*ACTIVITY*
Write down the listing again exactly as it appears below, without its pictures.

*MATERIAL PROVIDED*
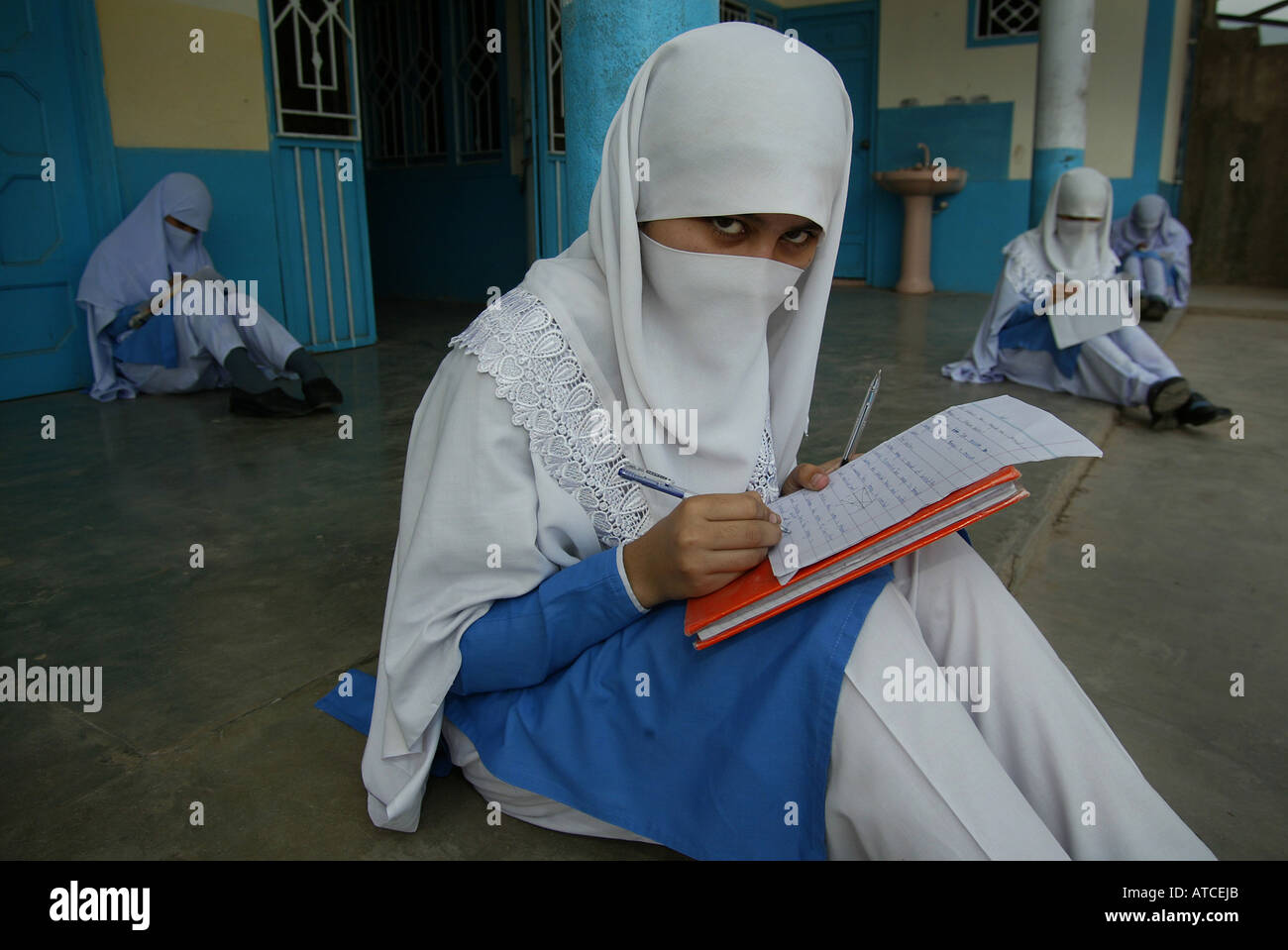 school with students in Pakistan Stock Photo - Alamy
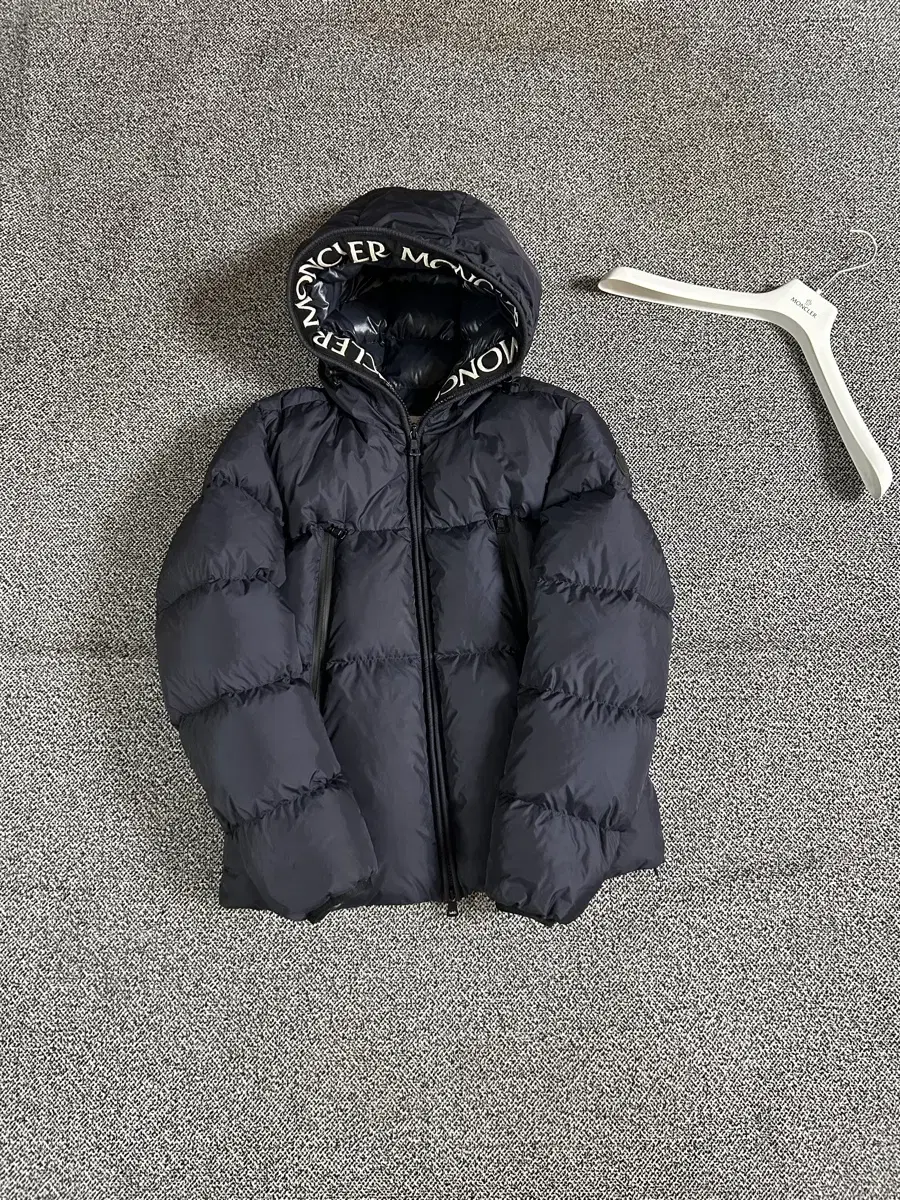 {2 Size} Moncler Moncler Padded 20Fw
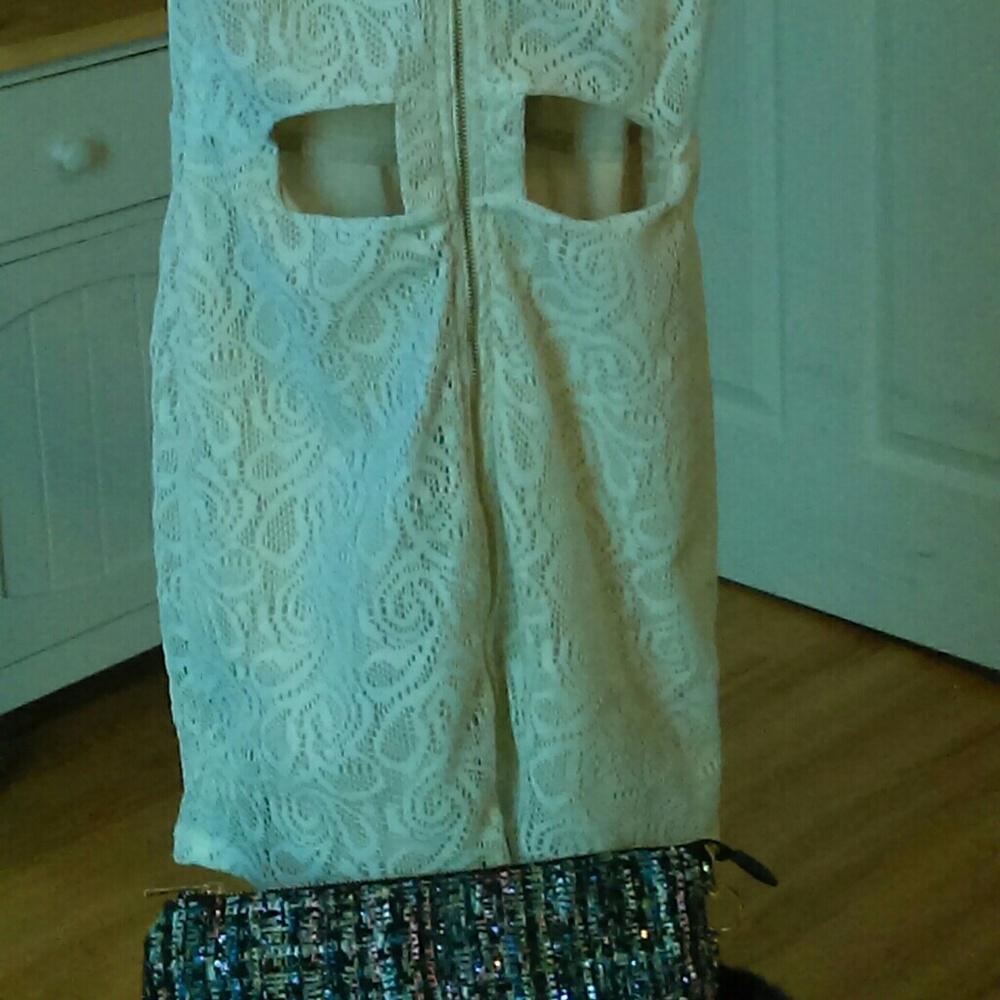 Dress - Picture 7 of 8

*ANSWER BOX*
 school with students in Pakistan Stock Photo - Alamy
 {2 Size} Moncler Moncler Padded 20Fw
 Dress - Picture 7 of 8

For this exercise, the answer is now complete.